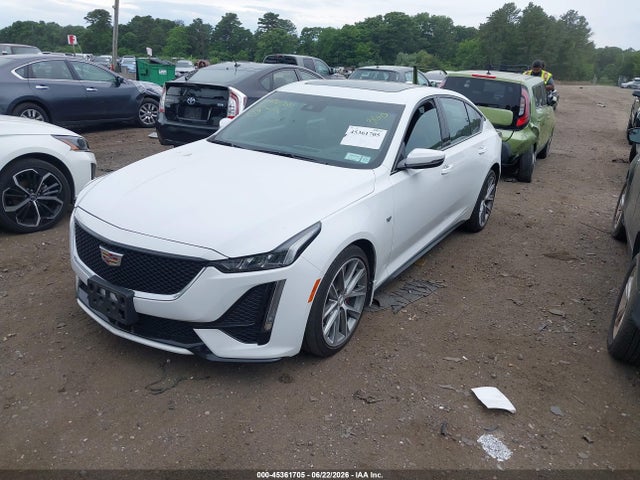 2020 Cadillac Ct5 Sport მანქანა იყიდება აუქციონზე, vin: 1G6DU5RK8L0119333, აუქციონის ნომერი: 45361705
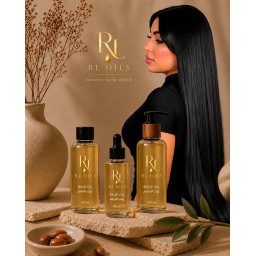 زيت الجسم الطبيعي - تركيبة 3 زيوت Natural Body Oil - 3 Oils Formula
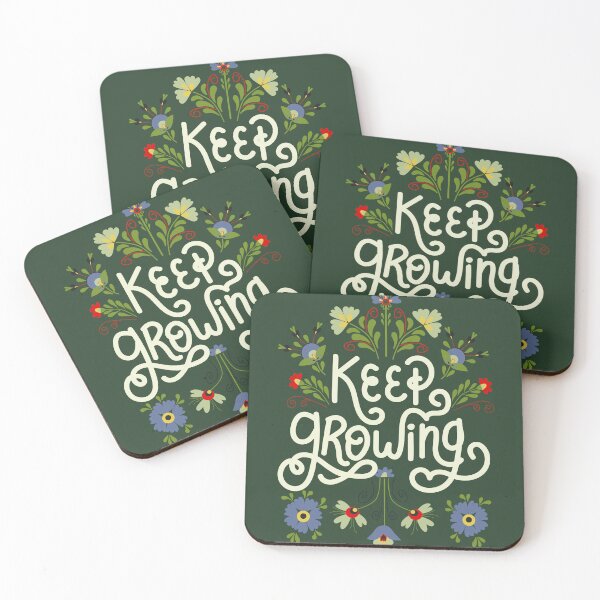 Item preview, keep growing designed and sold by IlustraDeni.
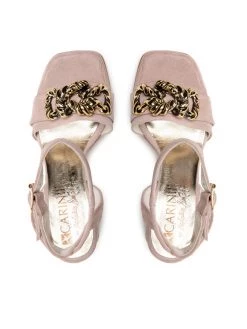 Flash Sale ???? Carinii Γυναίκες Σανδάλια B7805 Ροζ ???? -Carinii Εκπτώσεις unnamed file 77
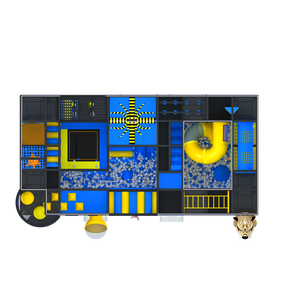 Nuevo Estilo, Gran Venta, Equipo de Juego Infantil Personalizado para Entretenimiento Comercial, Área de Juegos Interior para Niños - Product Image 5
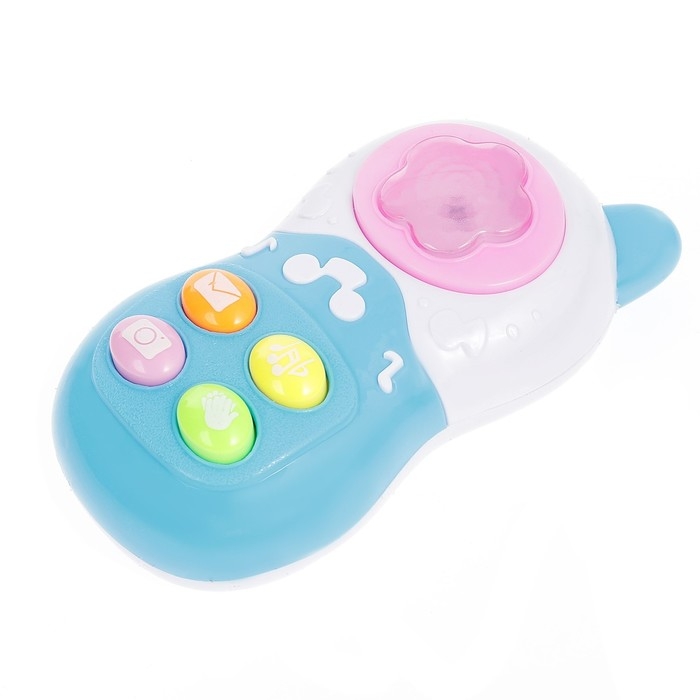 Музыкальная игрушка &laquo;Телефон&raquo;, свет, звук, МИКС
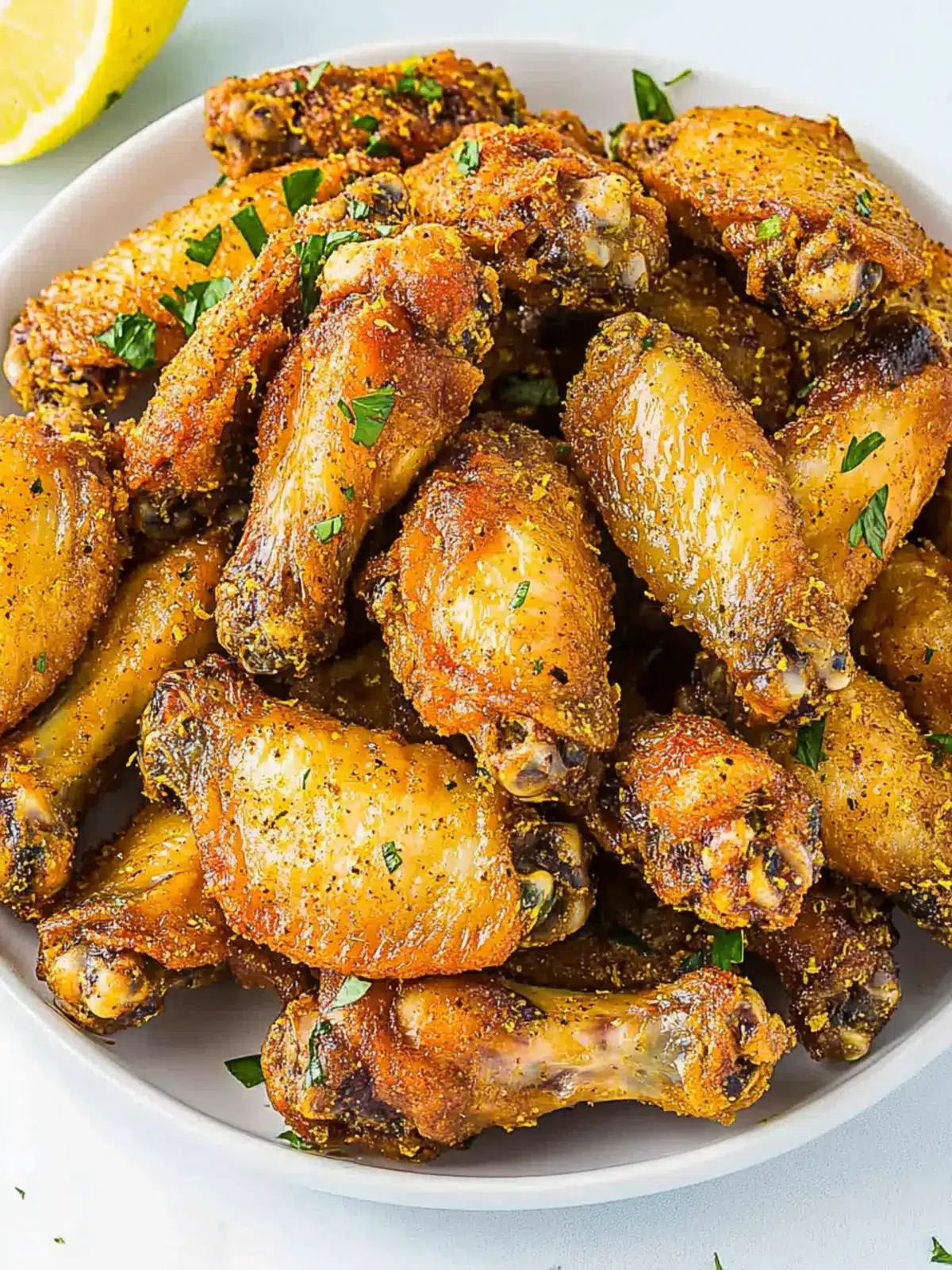 Crispy Wingstop Lemon Pepper Wings You Can Make at Home 5 Wingstop Lemon Pepper Wings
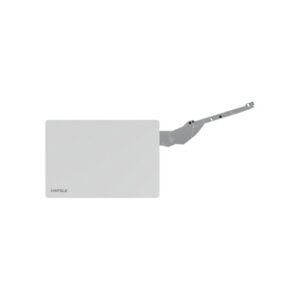 Nostin Häfele Free Slim Flap 1.10 PUSH pinta-as, valkoinen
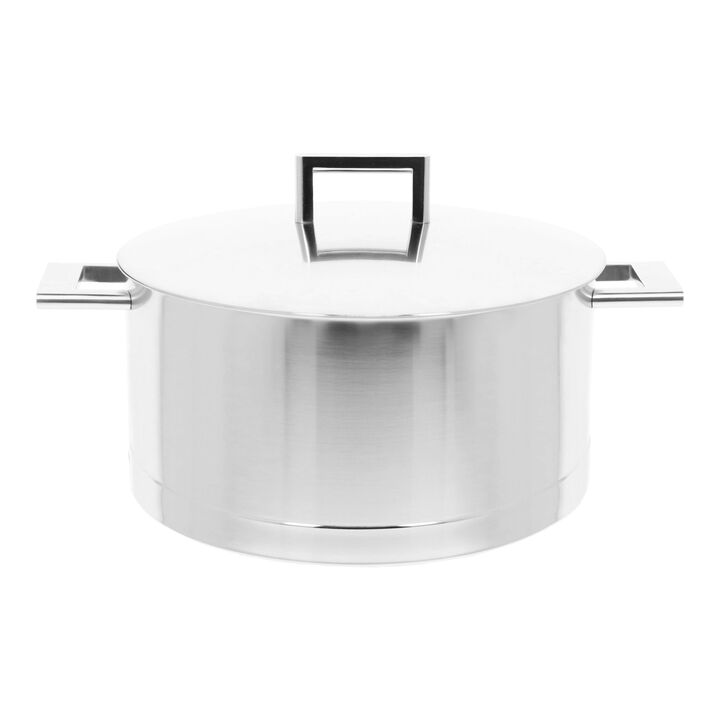 John Pawson 7, Casserole avec couvercle à double parois 28 cm / 8,4 l, large 1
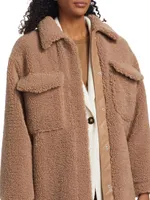 Carla Faux-Shearling Shacket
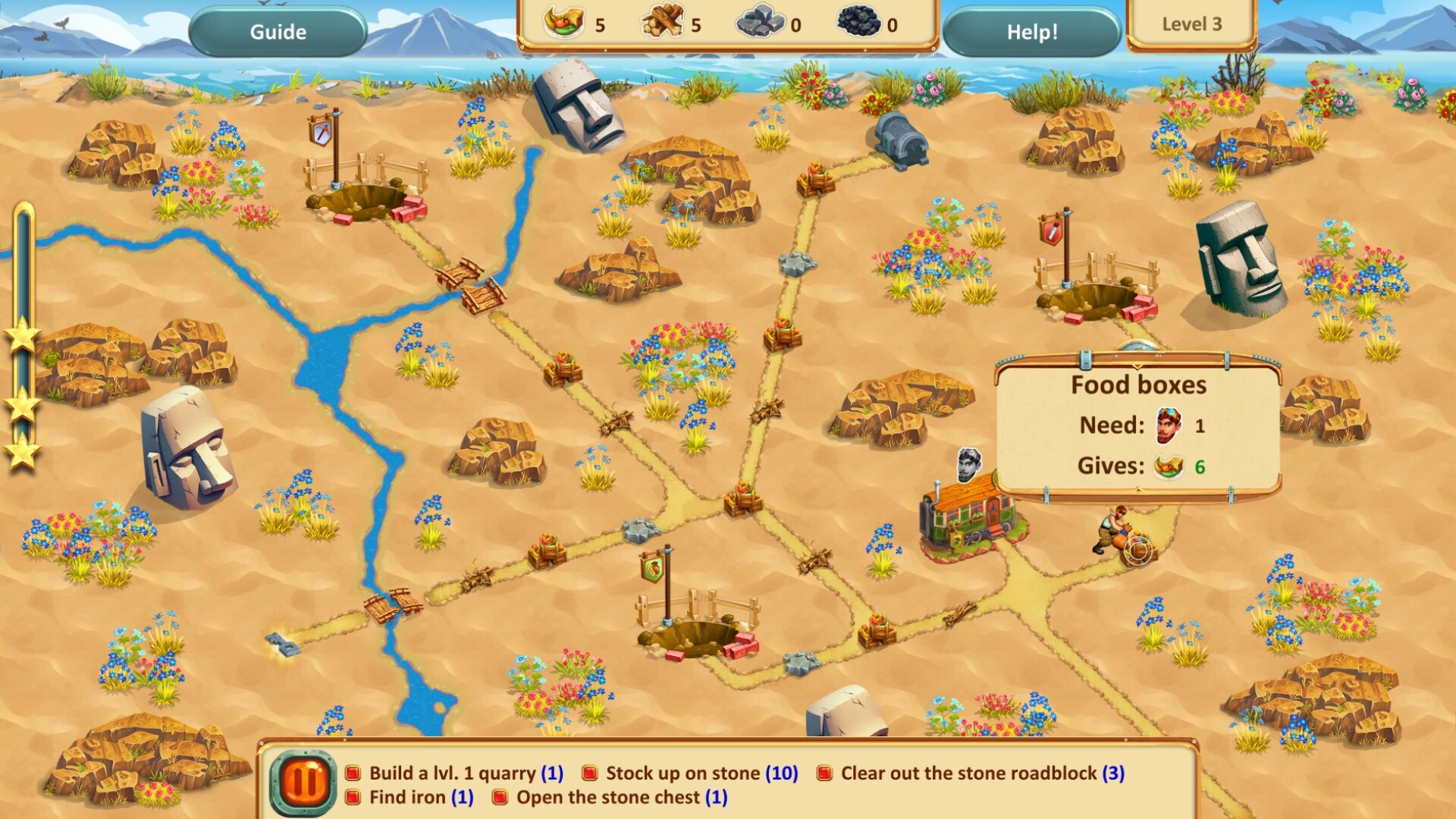 Crown of the Empire: Temple of Resurrection screenshot #1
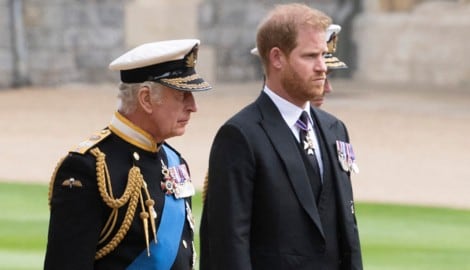 Prinz Harry darf nun doch nicht im Buckingham-Palast schlafen. Der Palast hat am Montag ein ...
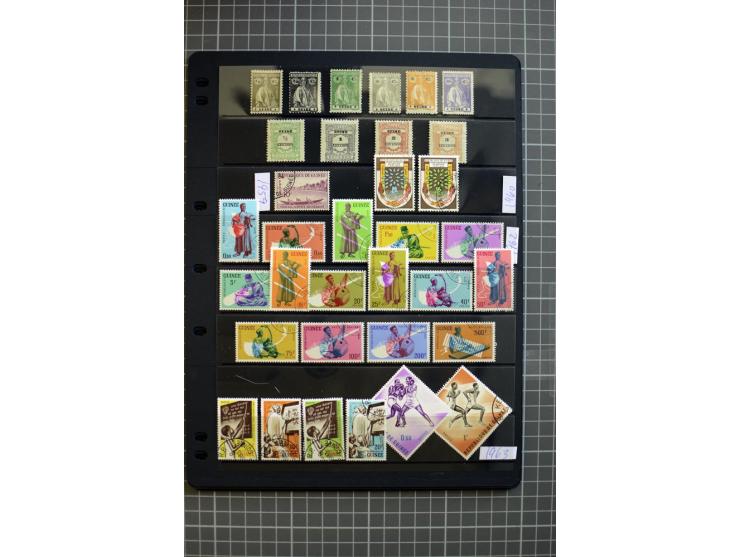 1912/86, used and mint collection with better items like SG #269, good condition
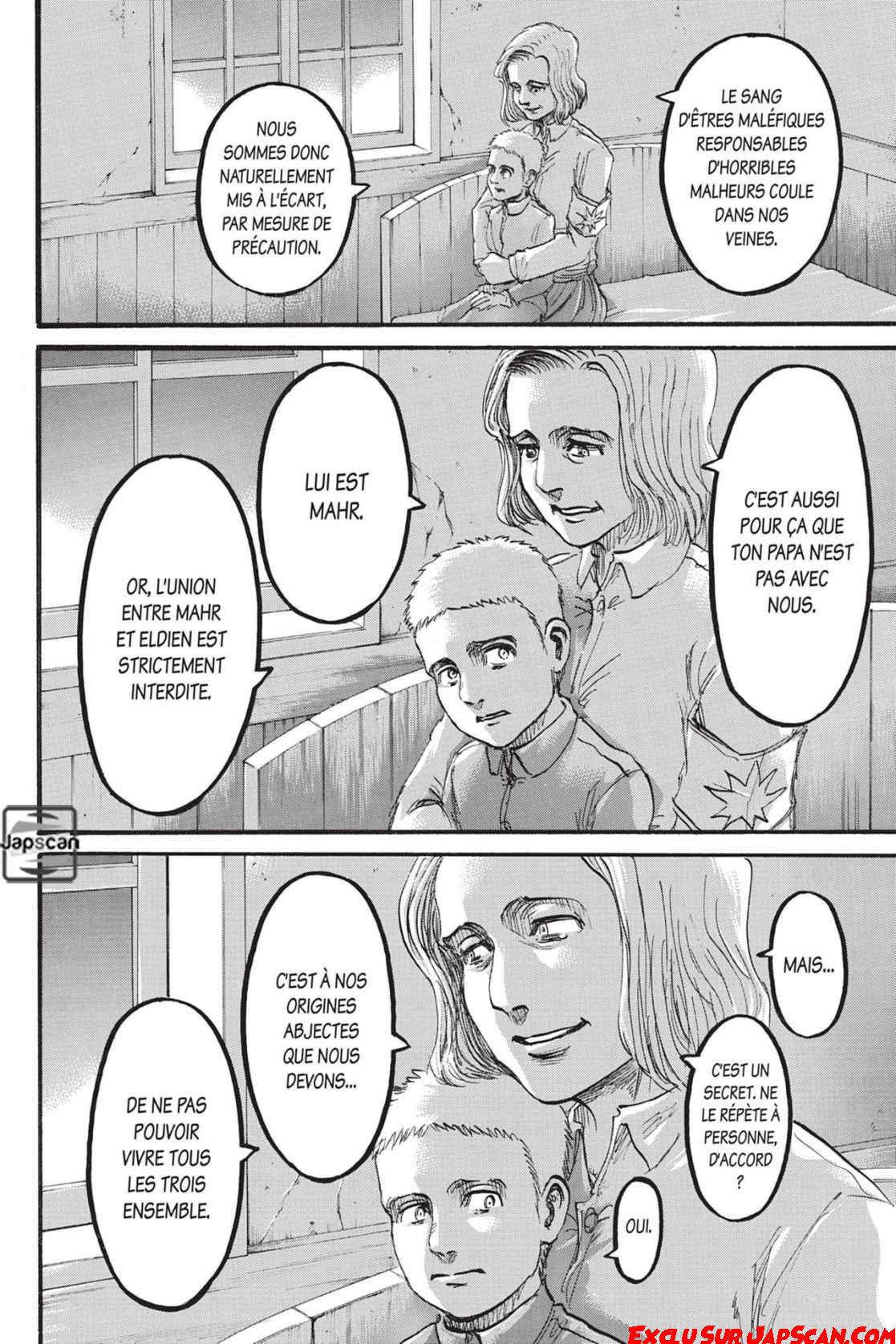 Read L'Attaque des Titans FR Manga Online
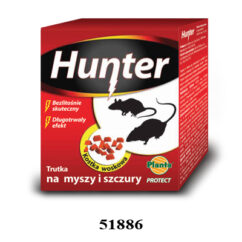 Trutka woskowa na myszy i szczury 250g. Hunter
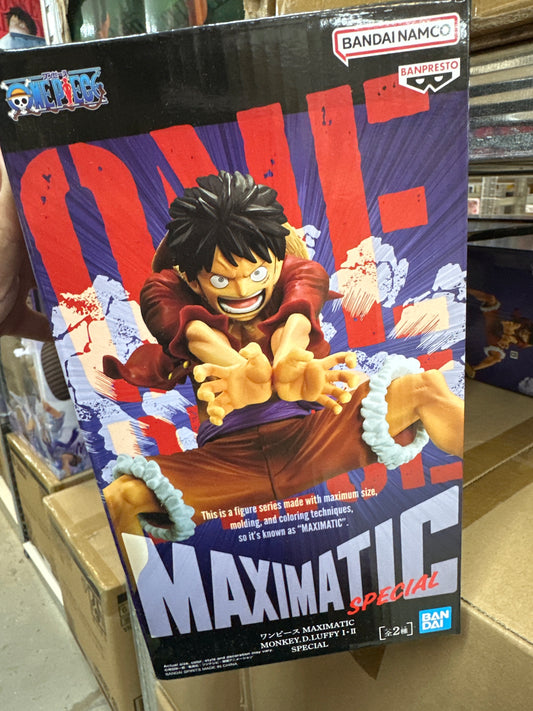 29209 One piece Maximatic Figure Monkey.D.Luffy- Ver.B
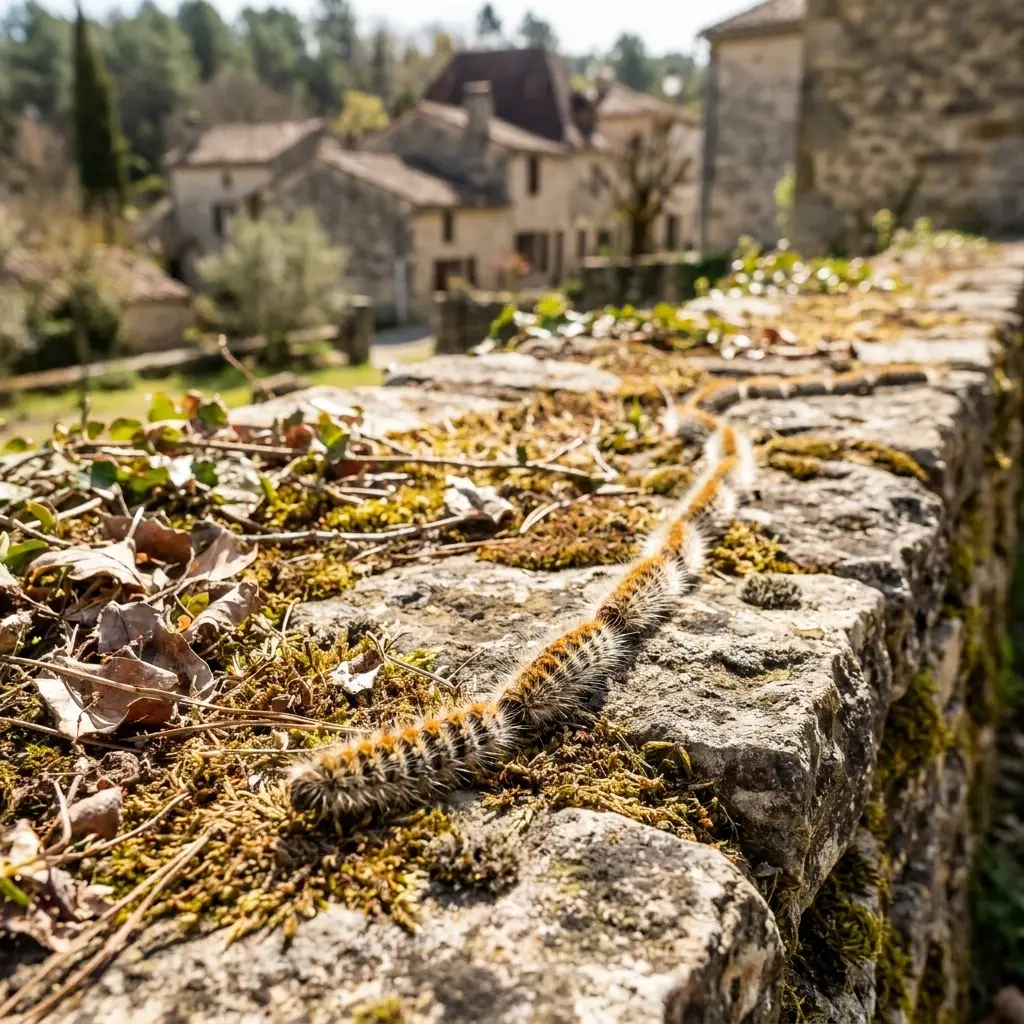 Chenille processionnaire Haulchin (59121)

§ Goal of the exercise
Please, without any pictures, write out exactly the lines of the listing from its first line through the line that holds "Flash Sale ????", ends included, and nothing beyond them.

§ Output of the task
 2020 Cadillac Ct5 Sport მანქანა იყიდება აუქციონზე, vin: 1G6DU5RK8L0119333, აუქციონის ნომერი: 45361705
 زيت الجسم الطبيعي - تركيبة 3 زيوت Natural Body Oil - 3 Oils Formula
 Item preview, keep growing designed and sold by IlustraDeni.
 Flash Sale ???? Carinii Γυναίκες Σανδάλια B7805 Ροζ ???? -Carinii Εκπτώσεις unnamed file 77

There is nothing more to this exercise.